TASK DESCRIPTION =>
Restate word for word the part of the material that runs from the line containing "Kép 1/2 - Mancera Aoud Lemon Mint 60 ml" through its final line, inclusive, minus the pictures.

SOURCE DATA =>
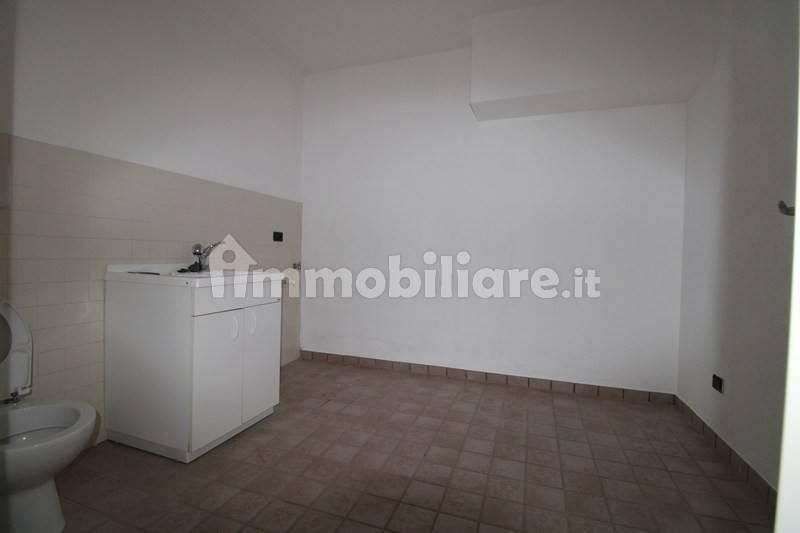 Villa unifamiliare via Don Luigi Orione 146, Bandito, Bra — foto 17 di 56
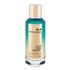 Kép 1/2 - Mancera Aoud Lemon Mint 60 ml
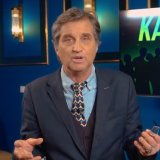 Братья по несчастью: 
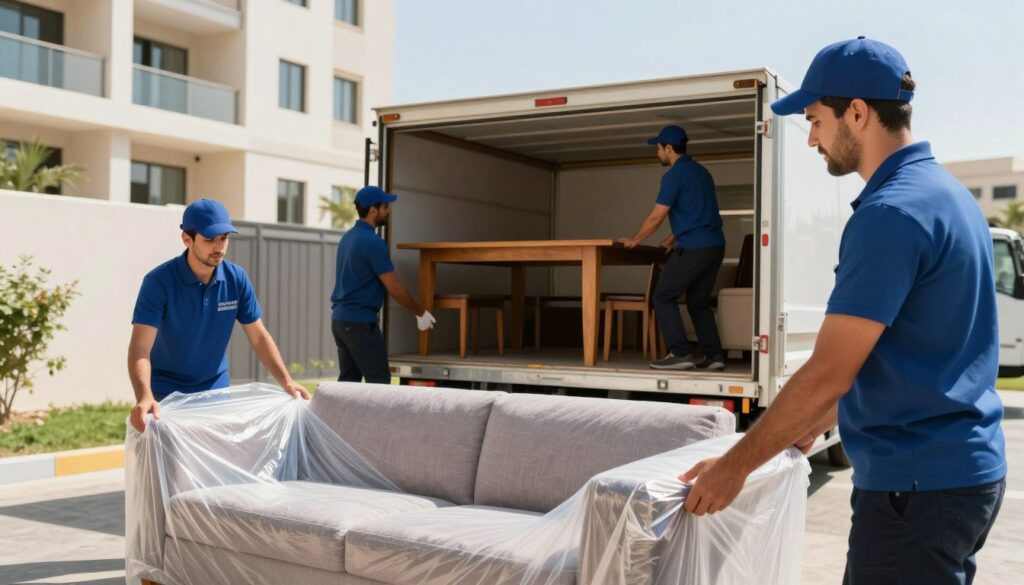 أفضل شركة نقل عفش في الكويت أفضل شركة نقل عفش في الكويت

TASK RESULT =>
 Kép 1/2 - Mancera Aoud Lemon Mint 60 ml
 Братья по несчастью: 
 أفضل شركة نقل عفش في الكويت أفضل شركة نقل عفش في الكويت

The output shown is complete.